If your life is busy like mine, you don’t have time to spend in the gym, you need to follow a regime that is fast, yet effective. There are so many gym training regimens that can make your training experience overwhelming, but I’ve been using compound training for maximum growth for years!
What Is Compound training?
Compound exercises are multi-joint movements that work several muscles or muscle groups at one time. You can also do compound exercise that combine two exercises into one move to target even more muscles (for example, a lunge with a bicep curl)
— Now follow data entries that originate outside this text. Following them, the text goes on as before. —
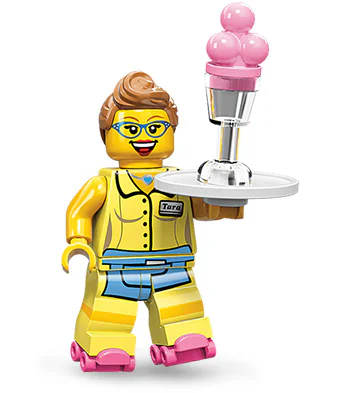 ♪ I'll be back ♪ 乐高 LEGO 71002 image 16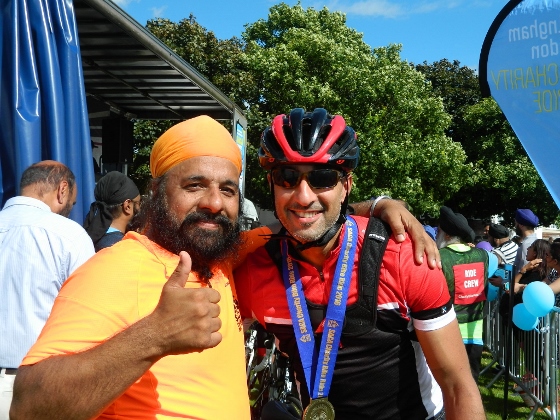 SACA Bike Ride 2016 in Southall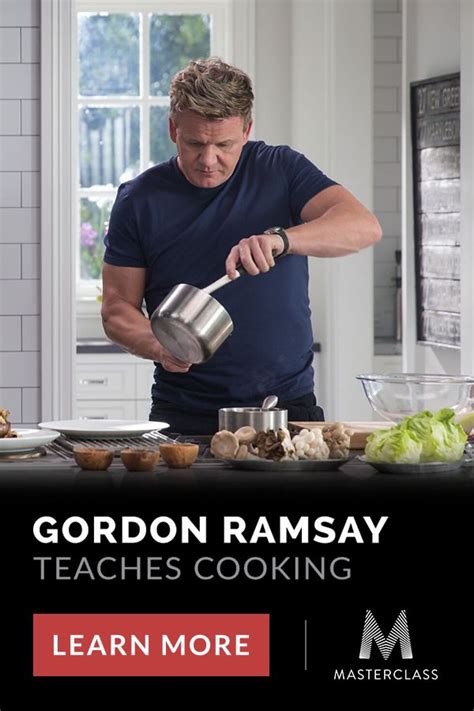 Baking Classes Gordon Ramsay Master Class Teaching Nestle Cooking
When you strength train, you do mechanical damage (damage to the muscle fibers) and the metabolic damage (when you fatigue the muscles by depleting their energy stores). This damage is good, it signals a hormonal response that kicks in during the recovery period after your workout. The body releases growth hormone, testosterone, and insulin-like growth factors. Which help replenish energy stores and repair structural damage to the fibers.
I would say choosing compound exercise is time effective. If you have a limited amount of time to exercise, you will work more muscles and build sizes by focusing on hitting more muscle at one time.
Other benefits Include:
- Improved strength
- Gained muscle mass
- Maintaining a higher heart rate throughout your workout, providing you with cardiovascular benefits
3 of My Favorite Compound Exercises
- Stand with barbell on floor, feet hip-width apart, toes under bar.
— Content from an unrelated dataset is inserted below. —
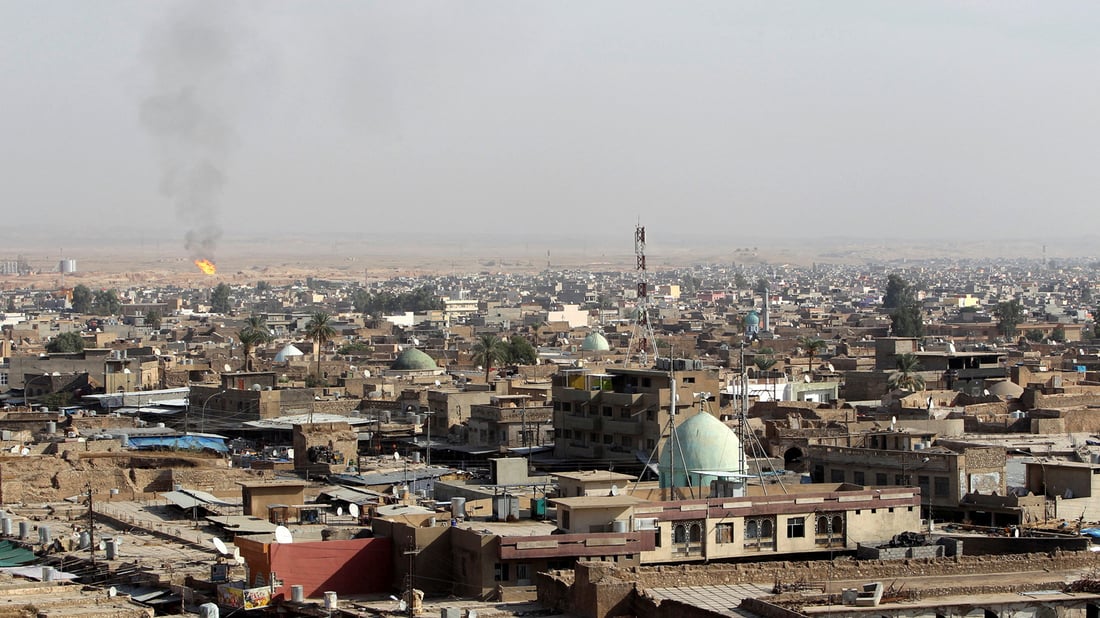 Dozens hospitalized for respiratory issues as dust storms hit Kirkuk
- Drive hips back, keeping your core tight and your spine neutral as you squat down. Your back should remain flat not curved.
- Grasp the bar with your hands. Your hands should be placed on the bar slightly wider than your thighs.
- Keep knees soft and out through your heels as you start to lift.
- Pull the bar up so your hips and the bar rise at the same time, keeping the bar close to your body as you lift.
- Finish in a tall stance with a glute squeeze at the top.
- Slowly lower the bar to the ground while hinging at the hips.
- Pull the bar up so your hips and the bar rise at the same time, keeping the bar close to your body.
- Start with feet slightly wider than hip-width, toes turned slightly out.
- Keep your chest up and out, engage your abdominals, and shift your weight back into you heels as you push your hips back.
- Lower yourself into a squat until your thighs are parallel or almost parallel to the floor. Your knees should remain aligned over your second toe.
- Keep your chest out and core tight as you push through your heels to stand back up to your starting position. Squeeze your glutes at the top.
Flat Bench Press
- Lay on the bench with your eyes under the bar.
- Grab the bar with a medium grip-width (thumbs around the bar!).
- Un-rack the bar by straightening your arms.
- Lower the bar to your mid-chest.
- Press the bar back until your arms are straight.